:: What is being asked ::
Of all the lines below, return only those starting with the line holding "西安市第九医院控感办开展三季度院感知识培训 西安市第九医" and going on through the line holding "damaged passenger cars", exactly as written.

-- Source data follows --

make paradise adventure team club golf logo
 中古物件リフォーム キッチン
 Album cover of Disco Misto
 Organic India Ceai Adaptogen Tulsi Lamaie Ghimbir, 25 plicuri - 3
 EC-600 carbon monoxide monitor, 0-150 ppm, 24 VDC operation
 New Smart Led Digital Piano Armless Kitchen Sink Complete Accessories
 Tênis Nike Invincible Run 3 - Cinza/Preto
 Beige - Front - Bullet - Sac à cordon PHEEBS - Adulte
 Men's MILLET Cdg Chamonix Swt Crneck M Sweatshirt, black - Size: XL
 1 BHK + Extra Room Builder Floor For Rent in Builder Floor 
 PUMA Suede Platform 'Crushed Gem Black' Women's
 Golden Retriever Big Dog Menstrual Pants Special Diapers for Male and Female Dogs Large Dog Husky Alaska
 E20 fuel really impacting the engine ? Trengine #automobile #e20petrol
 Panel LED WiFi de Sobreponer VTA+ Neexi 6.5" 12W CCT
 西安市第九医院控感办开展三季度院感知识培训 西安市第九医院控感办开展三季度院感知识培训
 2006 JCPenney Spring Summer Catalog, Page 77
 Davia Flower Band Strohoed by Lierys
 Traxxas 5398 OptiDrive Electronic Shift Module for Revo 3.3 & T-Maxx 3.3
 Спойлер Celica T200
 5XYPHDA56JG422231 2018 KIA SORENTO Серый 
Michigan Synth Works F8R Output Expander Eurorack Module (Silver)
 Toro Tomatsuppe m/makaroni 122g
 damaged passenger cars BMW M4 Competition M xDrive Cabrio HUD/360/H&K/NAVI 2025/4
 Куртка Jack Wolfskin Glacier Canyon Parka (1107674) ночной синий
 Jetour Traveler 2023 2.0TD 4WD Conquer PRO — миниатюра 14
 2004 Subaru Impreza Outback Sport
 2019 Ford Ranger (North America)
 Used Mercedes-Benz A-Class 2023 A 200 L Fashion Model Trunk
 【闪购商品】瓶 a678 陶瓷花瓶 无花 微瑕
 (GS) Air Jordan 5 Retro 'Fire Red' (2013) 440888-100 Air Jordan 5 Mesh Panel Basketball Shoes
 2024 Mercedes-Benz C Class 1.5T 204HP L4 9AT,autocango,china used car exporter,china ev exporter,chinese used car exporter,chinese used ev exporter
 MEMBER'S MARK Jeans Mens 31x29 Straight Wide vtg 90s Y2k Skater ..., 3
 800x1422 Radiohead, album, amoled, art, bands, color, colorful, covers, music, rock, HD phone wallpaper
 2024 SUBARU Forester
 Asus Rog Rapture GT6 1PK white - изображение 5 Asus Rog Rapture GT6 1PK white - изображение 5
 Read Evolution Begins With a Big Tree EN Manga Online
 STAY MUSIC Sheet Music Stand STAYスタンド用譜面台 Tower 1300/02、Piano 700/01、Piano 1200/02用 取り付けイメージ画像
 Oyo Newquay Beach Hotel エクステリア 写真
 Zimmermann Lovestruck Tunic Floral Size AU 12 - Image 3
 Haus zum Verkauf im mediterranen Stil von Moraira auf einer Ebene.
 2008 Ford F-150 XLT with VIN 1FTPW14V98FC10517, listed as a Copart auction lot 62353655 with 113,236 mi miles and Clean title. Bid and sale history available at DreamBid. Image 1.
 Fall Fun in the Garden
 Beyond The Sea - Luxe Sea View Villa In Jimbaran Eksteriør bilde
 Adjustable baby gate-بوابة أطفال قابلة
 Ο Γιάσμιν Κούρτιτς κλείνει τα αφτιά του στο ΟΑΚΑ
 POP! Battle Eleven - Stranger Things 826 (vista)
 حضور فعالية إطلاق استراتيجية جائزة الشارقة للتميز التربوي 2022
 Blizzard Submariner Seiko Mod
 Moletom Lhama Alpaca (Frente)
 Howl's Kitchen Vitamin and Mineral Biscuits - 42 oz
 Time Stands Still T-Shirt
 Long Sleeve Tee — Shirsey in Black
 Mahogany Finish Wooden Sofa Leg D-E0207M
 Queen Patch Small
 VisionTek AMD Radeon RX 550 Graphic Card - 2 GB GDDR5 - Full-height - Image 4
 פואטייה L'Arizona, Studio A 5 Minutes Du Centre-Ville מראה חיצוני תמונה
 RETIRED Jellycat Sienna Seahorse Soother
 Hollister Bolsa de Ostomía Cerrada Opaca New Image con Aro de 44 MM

-- Source data concluded --

:: Answer space ::
 西安市第九医院控感办开展三季度院感知识培训 西安市第九医院控感办开展三季度院感知识培训
 2006 JCPenney Spring Summer Catalog, Page 77
 Davia Flower Band Strohoed by Lierys
 Traxxas 5398 OptiDrive Electronic Shift Module for Revo 3.3 & T-Maxx 3.3
 Спойлер Celica T200
 5XYPHDA56JG422231 2018 KIA SORENTO Серый 
Michigan Synth Works F8R Output Expander Eurorack Module (Silver)
 Toro Tomatsuppe m/makaroni 122g
 damaged passenger cars BMW M4 Competition M xDrive Cabrio HUD/360/H&K/NAVI 2025/4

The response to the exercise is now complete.